Supernatural is my one exception to the "no awful television" rule, because it's in the unique position of being simultaneously terrible and brilliant. Its attitude to women (or anyone who isn't a straight white man) is atrocious, its episodic storylines are quite often shitty or ridiculous to the point of offensiveness, and it relies heavily on a very formulaic storyline cycle -- although as I'll explain later, its formulaic nature is actually one of its greatest strengths. But somehow, two years after abandoning it at the season 6 finale ("CASTIEL DID WHAT!?") I found myself crawling back to this godawful show, masochistically enthralled once again. 23 episodes in less than a month, you guys. Twenty-three episodes.
"So, after watching three seasons of Supernatural in three months, do you feel any different?" "Well, now I hate and distrust all women..."For the past few weeks I've been watching and live-tweeting season 7, mostly to responses like "Why are you doing this to yourself?" and "You sound like an alcoholic falling off the wagon." Well, at least I'm not alone in that regard. Over the years I've seen plenty of people do exactly the same thing: drop Supernatural, only to succumb to its dubious charms after months or years away. My condolences, friends. I've often noticed it being referred to as the unpleasant ex-boyfriend of fandom: you know it's terrible and will end up hurting you all over again, but you just can't help yourself. This is the kind of gallows humour that bubbles to the top of your brain after watching 23 consecutive episodes of Sam and Dean repeating the same conversation over and over again, defeating yet another an implausible villain with some kind of maguffin device, and violently murdering several evil sexy women.
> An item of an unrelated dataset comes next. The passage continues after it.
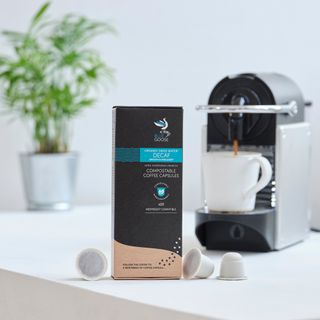 kitchen worktop with blue goose compostable coffee capsules pods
So, why the hell did I put myself through it all over again? Why do any of us do it?
— Hello, Tailor (@Hello_Tailor) January 19, 2014
- The main characters' father-figure dying, becoming a ghost, and then haunting a hip flask. (And eventually going on to possess the body of a motel maid.)
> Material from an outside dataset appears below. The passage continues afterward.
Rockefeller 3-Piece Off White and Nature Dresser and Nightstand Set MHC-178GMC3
- The main antagonists being an evil corporate network of flesh-eating monsters who can only be killed using borax (!!!), and who plan to take over the USA by using modified high-fructose corn syrup to turn everyone into zombies.
- I REPEAT, HIGH-FRUCTOSE CORN SYRUP ZOMBIES.
- One of the main characters dying, coming back to life as an amnesiac, getting married to the woman who fished him out of a river, then regaining his memories, moving into a mental institution, and finally deciding that he wants to dedicate his life to "watching the bees". This character is an angel. We don't hear anything about his wife after the first time she's mentioned on the show.
- An episode that involves not only evil clowns and a vampire octopus, but a unicorn that farts rainbows.
- A supervillain whose name is literally Dick, meaning that there are actual canonical lines like "The rise of Dick" and "Dick is coming."
Women and Supernatural
This may sound like an odd attitude to have, but as someone who is highly critical of sexism on TV, I find Supernatural strangely relaxing to watch. The reason why I write so much about the role of female characters in stuff like Doctor Who and Sherlock (and to a lesser extent, Teen Wolf) is because there are still so many people labouring under the baffling misapprehension that those shows are feminist masterpieces. Steven Moffat's followers are particularly depressing to me, because there seems to be a large number of self-proclaimed feminists who think that both Sherlock and recent seasons of Doctor Who are a high bar for female representation on TV. I've lost count of the number of well-meaning questions I've answered from people who still need a nudge to notice that beneath the shiny veneer of "strong female characters" in Sherlock, lies a roiling cesspool of misogyny.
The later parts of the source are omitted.